Some of you have probably read some of my posts where I mention my friend who had his house burn in a fire. A lot of the drywall was destroyed and he's pretty much gutting the insides and taking out anything that isn't load-bearing.

The ceiling burned up pretty badly too so he is considering trying to raise it up. Currently it is low enough that a ceiling hugger ceiling fan almost hits people in the head. I think it's 7' or lower.

The house is single story wood frame. I will have to look at the ceiling to see how it is constructed-- I *think* it might have shiplap or something like that-- not sure. Next time I'm there I'll try to get pics.

So my questions are:
1. How difficult is it to raise a ceiling and how would one proceed with this?
2. Can my friend just drywall up on the A-frame of the roof from the underside?
(I sort of suspect "no" for the second one, but would like to be able to explain to him why).

I told him he would probably need to have a little bit of airflow space and then have a roof vent so that maybe if he does the ceiling at a slightly different pitch it might work.

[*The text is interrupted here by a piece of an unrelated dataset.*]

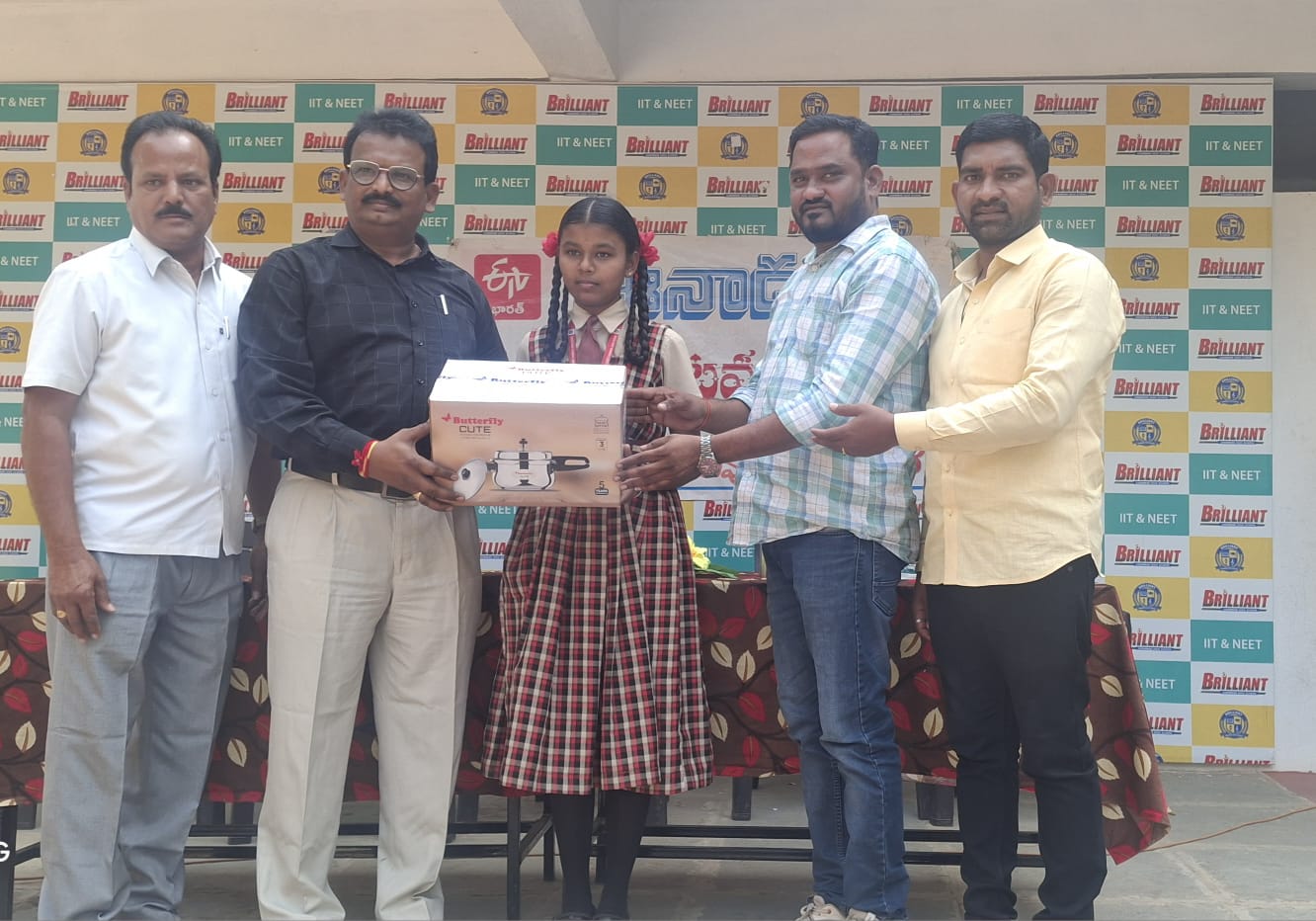 ఈనాడు–ఈటీవీ పోటీల్లో బ్రిలియంట్ విద్యార్థుల ప్రతిభ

Any idea of the costs involved and what would be the least expensive method?


----------



## nealtw (Mar 1, 2017)

The ceiling joist is also called a rafter tie. A rafter tie holds the two outside walls from spreading out.
The rafter tie can be on top of the wall or anywhere in the bottom third if the rafter.

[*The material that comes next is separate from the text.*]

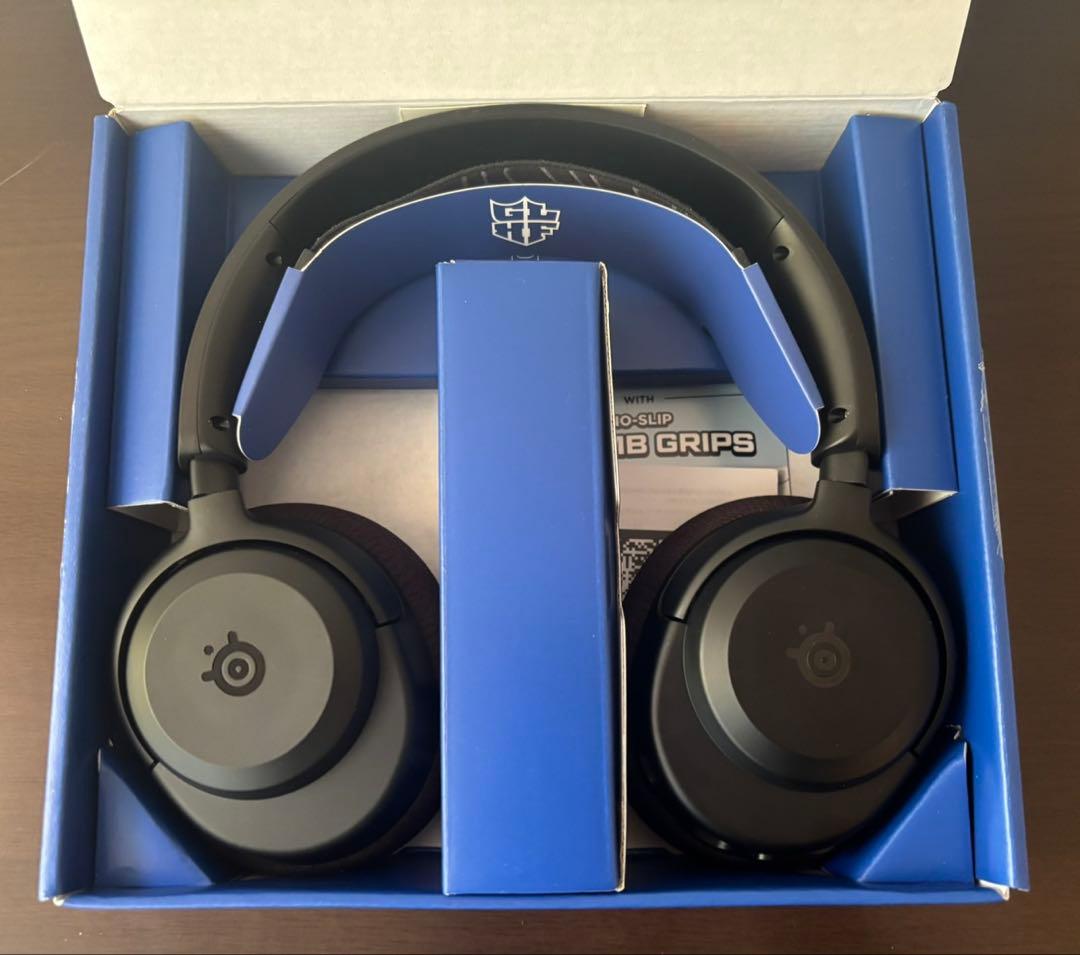 ヘッドホン SteelSeries ARCTIC NOVA 3P WIRELESS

So as long as he has rafters and joists and not trusses he could just remove one ceiling joist at a time cut it to fit and nail it to the rafters say 18" higher..
That would leave him with a slope on both sides where the rafters are exposed adding to the rafters in that area to allow insulation and an air space.
So yes can be done.


----------



## zannej (Mar 2, 2017)

nealtw said:


> The ceiling joist is also called a rafter tie. A rafter tie holds the two outside walls from spreading out.
> The rafter tie can be on top of the wall or anywhere in the bottom third if the rafter.
> 
> So as long as he has rafters and joists and not trusses he could just remove one ceiling joist at a time cut it to fit and nail it to the rafters say 18" higher..
> ...


Thank you, neal!
I didn't think he could just take out the rafters entirely. I'm guessing that the rafters can't go too much higher or else they would not offer enough support?

I wonder if the rafters could just be left exposed and then somewhere below the roof level it could be drywalled. My workshop has a similar setup-- although the underside of the roof just has some sort of insulation covered by a cloth tarp and no drywall anywhere inside. But then, he wouldn't be able to have ceiling fans unless he added special supports for them and the wiring would be ugly. LOL. But, I think he cares more about function than looks. He doesn't ever intend to sell the house.


----------



## nealtw (Mar 2, 2017)

zannej said:


> Thank you, neal!
> I didn't think he could just take out the rafters entirely. I'm guessing that the rafters can't go too much higher or else they would not offer enough support?
> 
> I wonder if the rafters could just be left exposed and then somewhere below the roof level it could be drywalled. My workshop has a similar setup-- although the underside of the roof just has some sort of insulation covered by a cloth tarp and no drywall anywhere inside. But then, he wouldn't be able to have ceiling fans unless he added special supports for them and the wiring would be ugly. LOL. But, I think he cares more about function than looks. He doesn't ever intend to sell the house.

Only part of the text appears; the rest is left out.